* THE TASK *
Starting at the line that contains "Longline Sleeveless Smart" and stopping at the line that contains "Semi-circular metal grate", transcribe every line of the material below exactly; pictures stay out.

DATA TO PROCESS Block Start

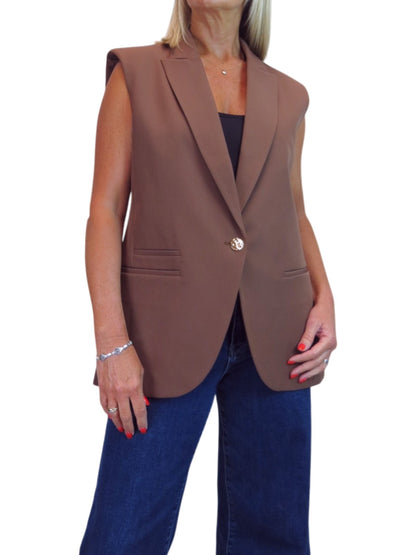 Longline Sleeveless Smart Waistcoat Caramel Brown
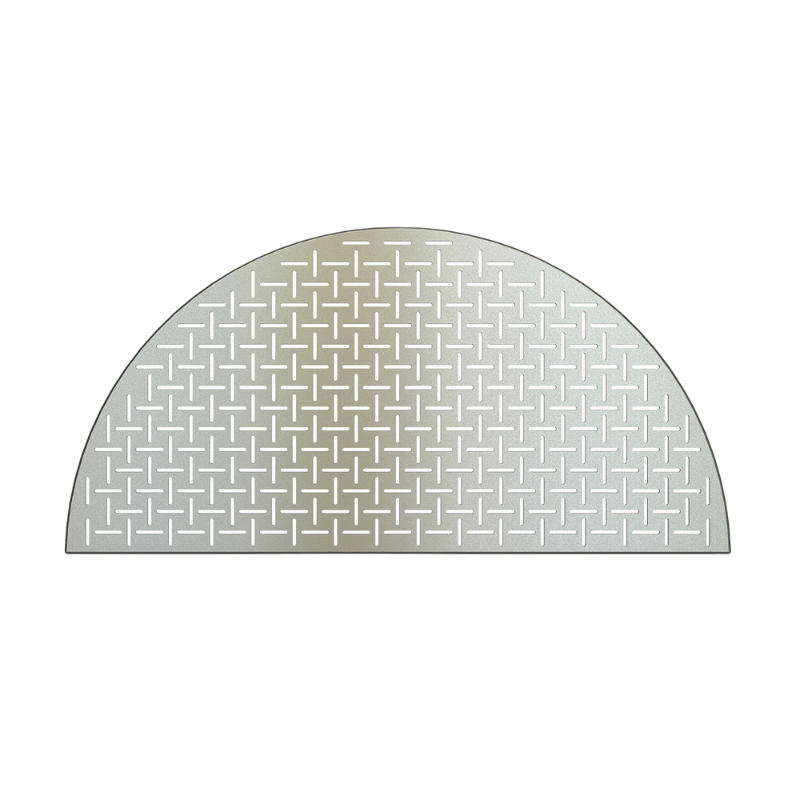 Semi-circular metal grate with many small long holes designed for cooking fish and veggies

DATA TO PROCESS Block End
DATA TO PROCESS Block Start

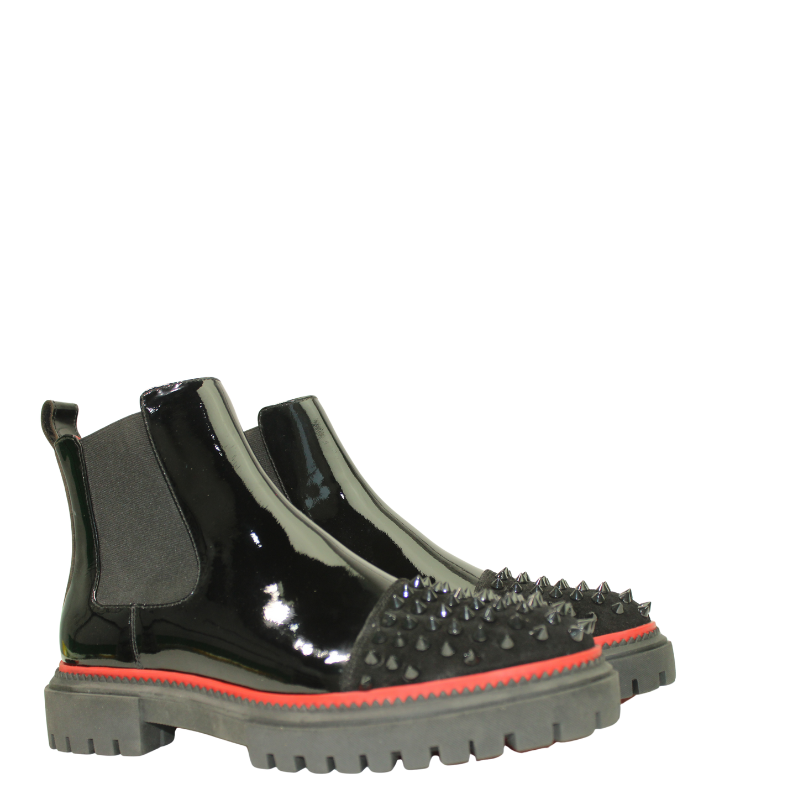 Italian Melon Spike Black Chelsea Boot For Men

DATA TO PROCESS Block End
DATA TO PROCESS Block Start

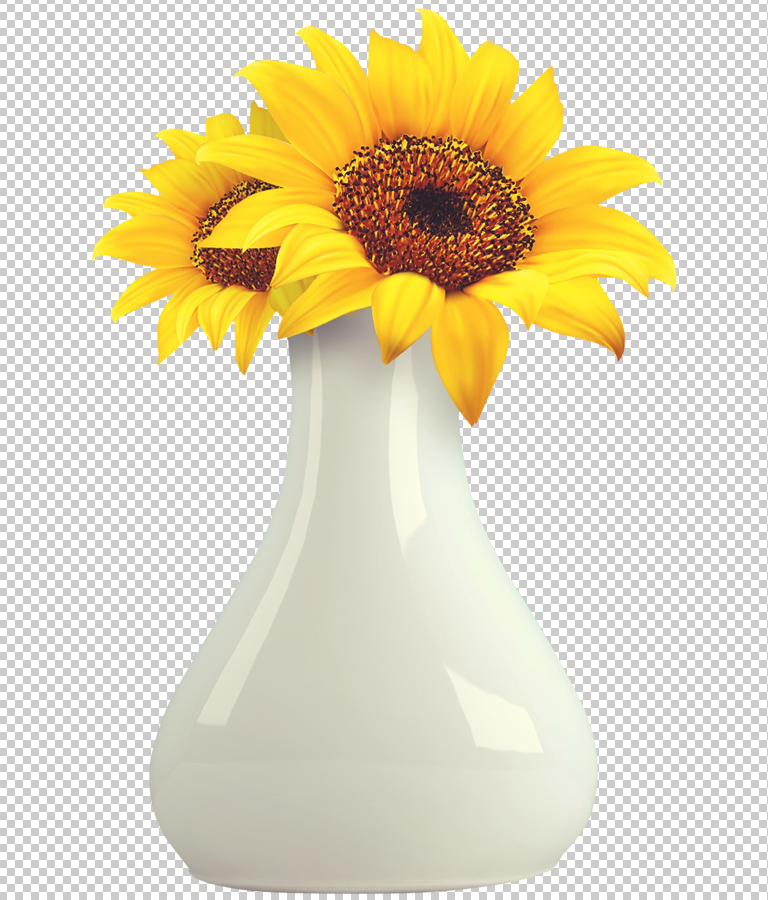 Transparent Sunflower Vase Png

DATA TO PROCESS Block End

* TASK RESULT *
 Longline Sleeveless Smart Waistcoat Caramel Brown
 Semi-circular metal grate with many small long holes designed for cooking fish and veggies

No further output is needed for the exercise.